▶ **Exercise instructions**: Exclude the pictures and set down, unaltered, the lines from the one that holds "Travel trailer interior" through the end of the data.

──────── Data excerpt

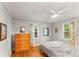 Bedroom features hardwood floors, a ceiling fan, and two windows for natural light at 2511 Oak Ave, Tucker, GA 30084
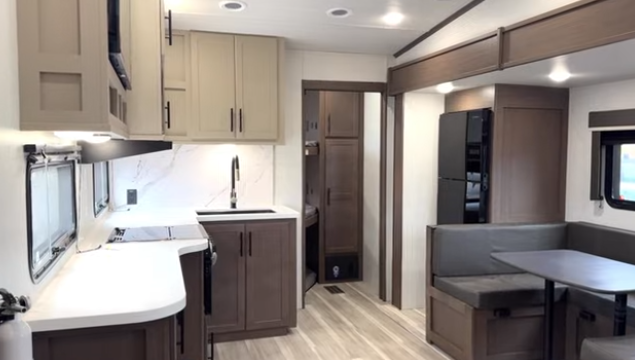 Travel trailer interior with kitchen featuring solid-surface countertops and sink, adjacent dinette seating, and hallway leading to bedroom and bathroom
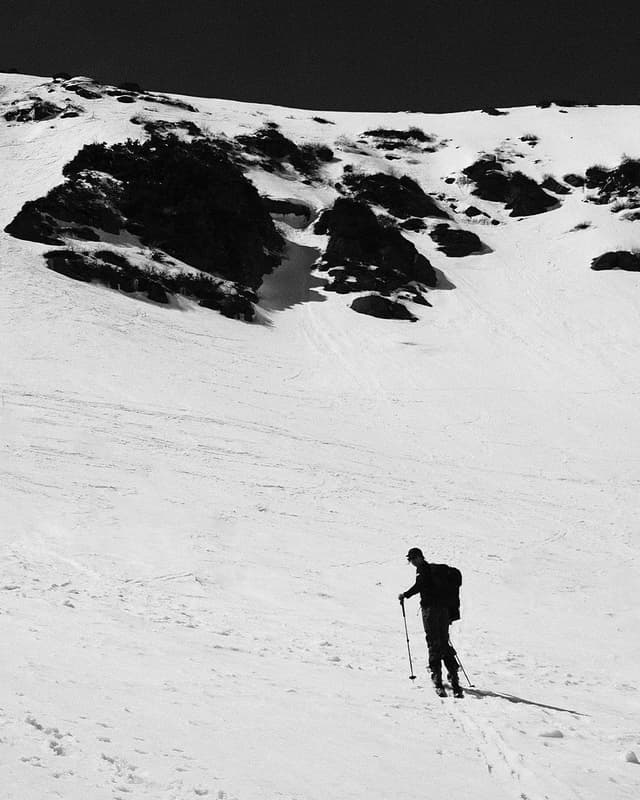 Black and white photo of a ski tourer ascending a snowy mountain slope with dark rock formations under a dark sky.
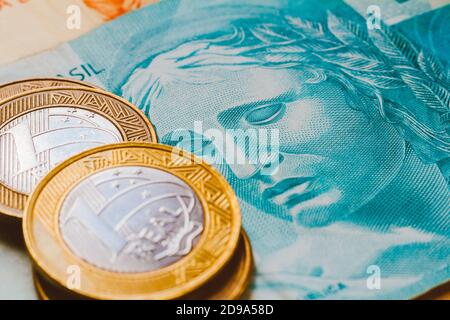 In dieser Fototafel werden die echten Münzen auf die brasilianische Banknote in goldenem Ton gelegt. Stockfoto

────────────────

▶ **Reply to the task**:
 Travel trailer interior with kitchen featuring solid-surface countertops and sink, adjacent dinette seating, and hallway leading to bedroom and bathroom
 Black and white photo of a ski tourer ascending a snowy mountain slope with dark rock formations under a dark sky.
 In dieser Fototafel werden die echten Münzen auf die brasilianische Banknote in goldenem Ton gelegt. Stockfoto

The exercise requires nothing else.